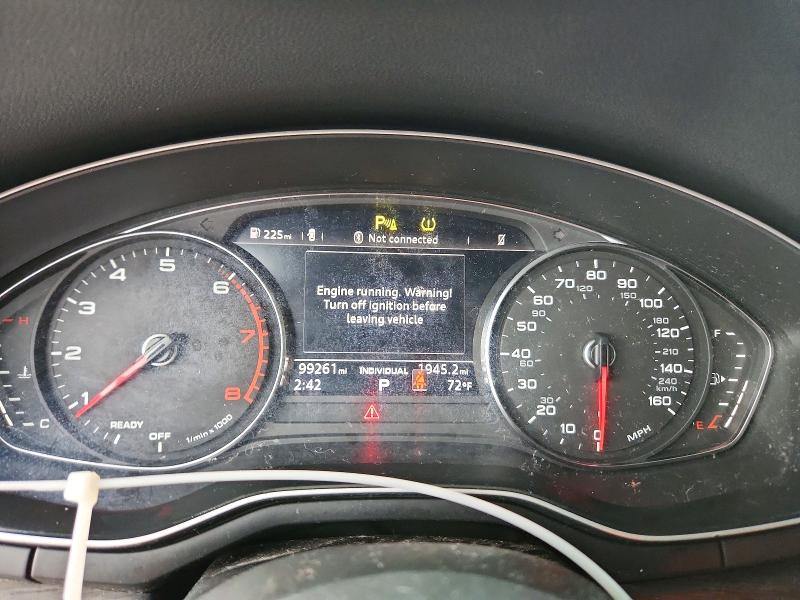 48856496 :رقم المزاد ، WAUGMAF45KN012845 vin ، 2019 Audi A4 مزاد بيع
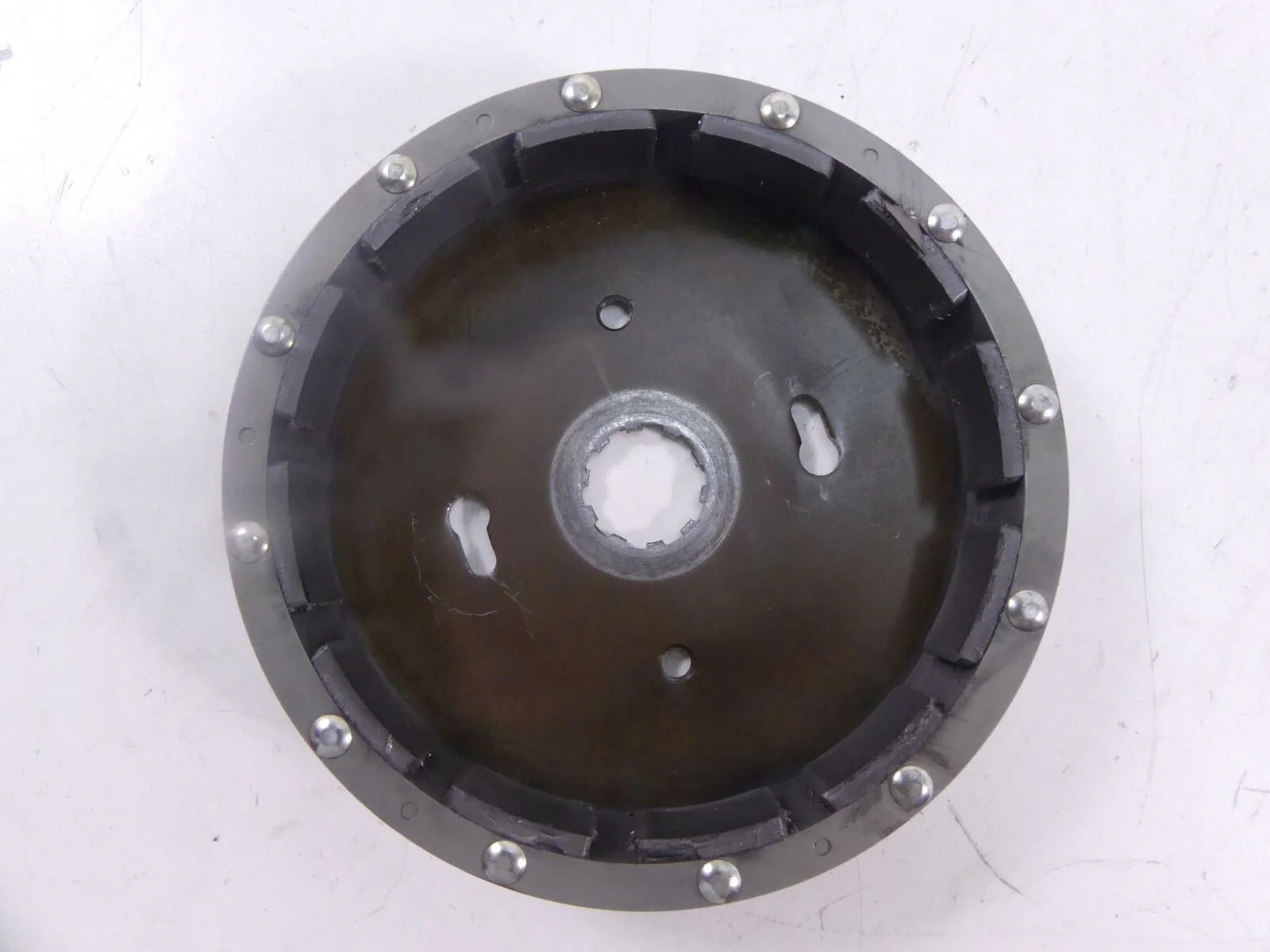 2000 Harley Touring FLHTCI Electra Glide Ignition Flywheel Rotor - Read 29999-97 - Image 5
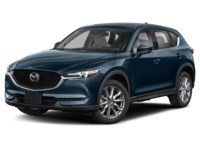 2021 Mazda CX-5 GT w/Turbo AWD Deep Crystal Blue Mica  Shot 1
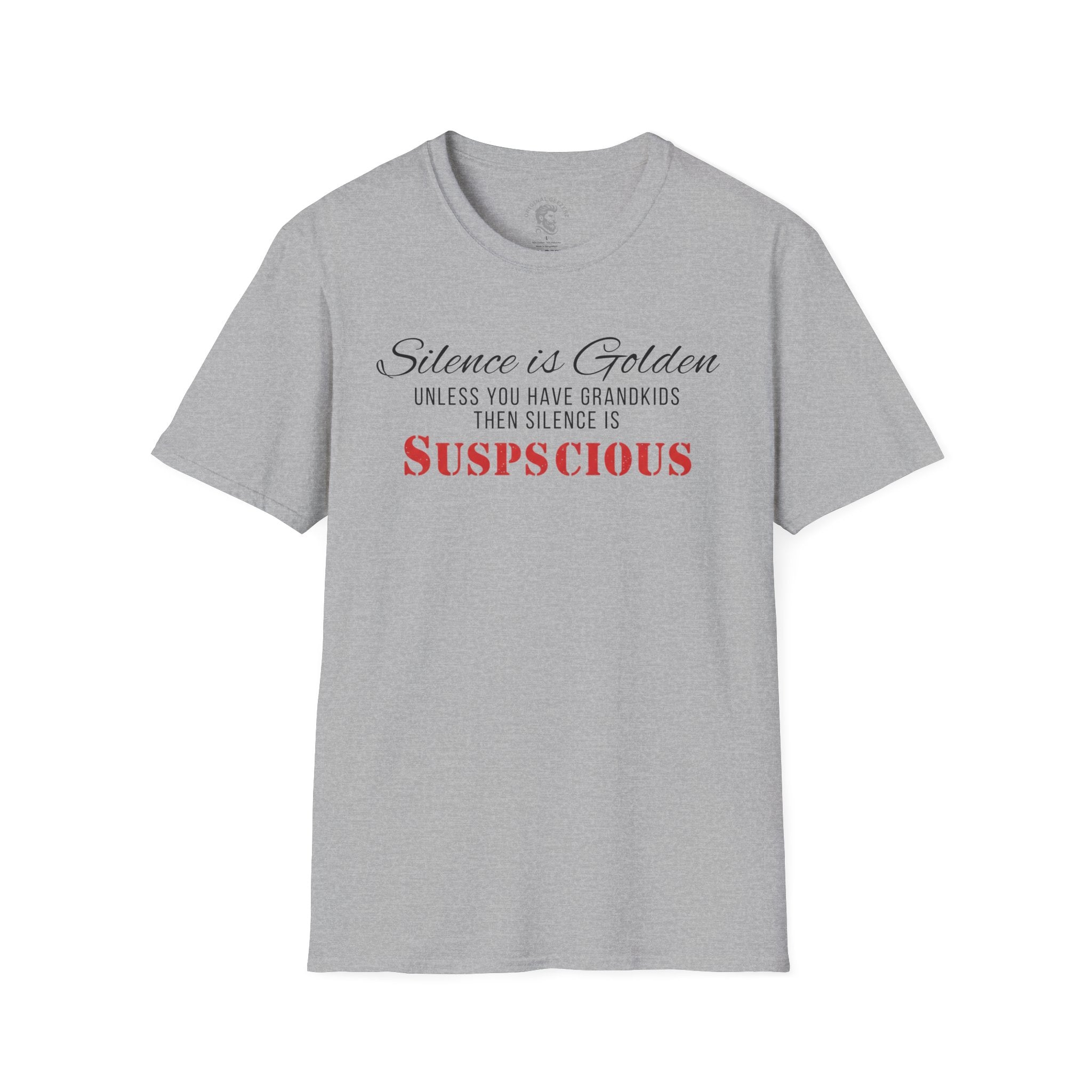 Silence is Golden T-Shirt
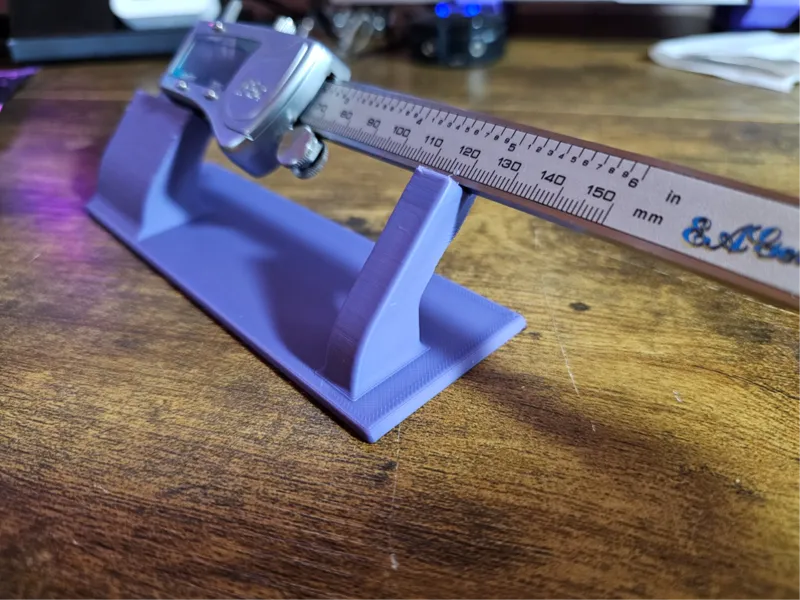 Angled Caliper Stand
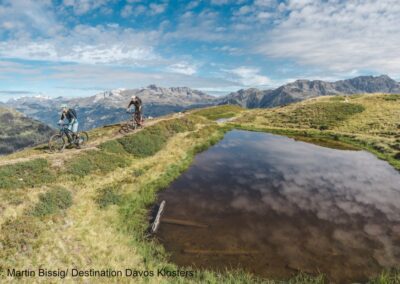 e-biking Engadine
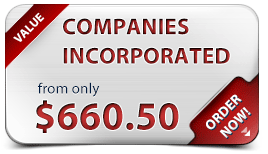 Companies Incorporated from only $649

#####

PROBLEM DETAILS
Output, exactly and only: the line containing "2000 Harley Touring", the last line of the listing above, and every line in between. Leave the pictures out.

SOLUTION
 2000 Harley Touring FLHTCI Electra Glide Ignition Flywheel Rotor - Read 29999-97 - Image 5
 2021 Mazda CX-5 GT w/Turbo AWD Deep Crystal Blue Mica  Shot 1
 Silence is Golden T-Shirt
 Angled Caliper Stand
 e-biking Engadine
 Companies Incorporated from only $649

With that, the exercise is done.